Memory Management Mini-Summit Linaro Developer Summit, Budapest, May 9-11, 2011 =================================================
Hi all. Apologies for this report being so long in coming. I know others have thrown in their perceptions and opinions on how the mini-summit went, so I suppose it's my turn.
Outcomes: --------- * Approach (full proposal under draft, to be sent to the lists below) - Modified CMA for additional physically contiguous buffer support. - dma-mapping API changes, enhancements and ARM architecture support. - "struct dma_buf" based buffer sharing infrastructure with support from device drivers. - Pick any "low-hanging fruit" with respect to consolidation (supporting the ARM arch/sub-arch goals).
* Proposal for work around allocation, mapping and buffer sharing to be announced on: - dri-devel - linux-arm-kernel - linux-kernel - linux-media - linux-mm - linux-mm-sig
* Communication and Meetings - New IRC channel #linaro-mm-sig for meetings and general communication between those working on and interested in these topics (already created). - IRC meetings will be weekly with an option for the consituency to decide on ultimate frequency (logs to be emailed to linaro-mm-sig list). - Linaro can provide wiki services and any dial-in needed. - Next face-to-face meetings: . Linaro mid-cycle summit (August 1-5, see https://wiki.linaro.org/Events/2011-08-LDS) . Linux Plumbers Conference (September 7-9, see http://www.linuxplumbersconf.org/2011/ocw/proposals/567) . V4L2 brainstorm meeting (Hans Verkuil to update with details)
Overview and Goals for the 3 days: ---------------------------------- * Day 1 - Component overviews, expected to spill over into day 2 * Day 2 - Concrete use case that outlines a definition of the problem that we are trying to solve, and shows that we have solved it. * Day 3 - Dig into the lower level details of the current implementations.

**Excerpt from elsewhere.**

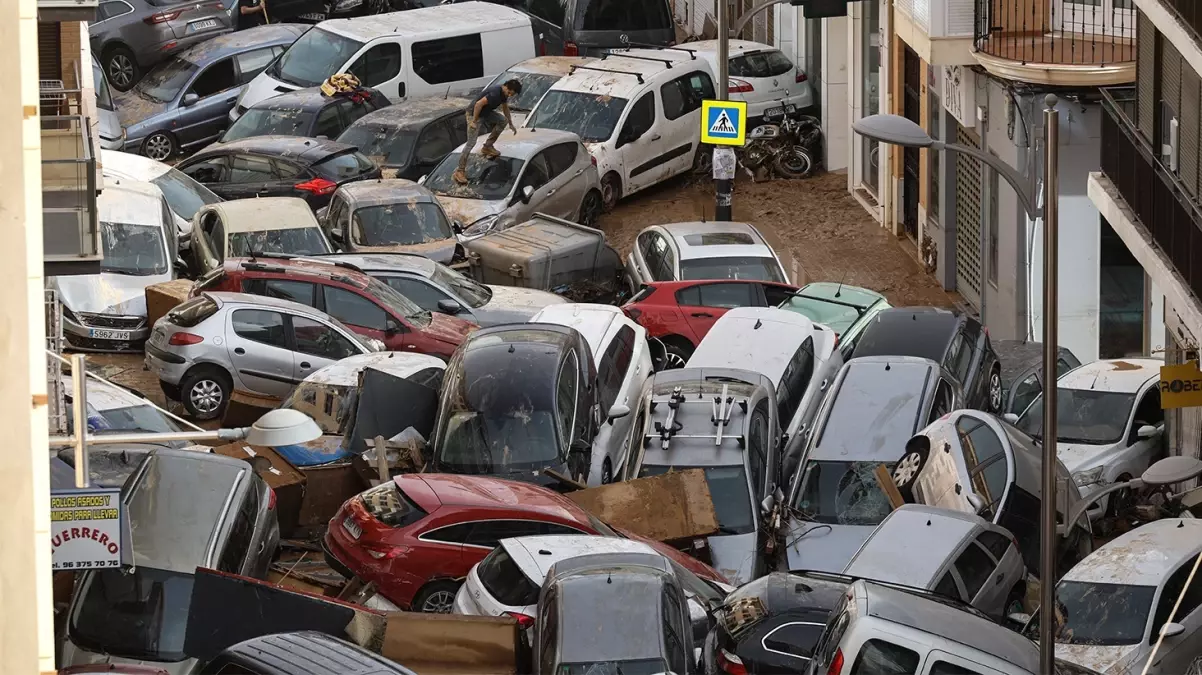 İspanya’da sel felaketinde ölenlerin sayısı 211’e yükseldi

What do we have, what's missing, what's not implemented for ARM.
This is about memory management, zero-copy pipelines, kernel/userspace interfaces, memory management, memory reservations and much more :-) In particular, what we would like to end up with is:
* Understand who is working on what; avoid work duplication. * Focus on a specific problem we want to solve and discuss possible solutions. * Come up with a plan to fix this specific problem. * Start enumerating work items that the Linaro Graphics WG can work on in this cycle.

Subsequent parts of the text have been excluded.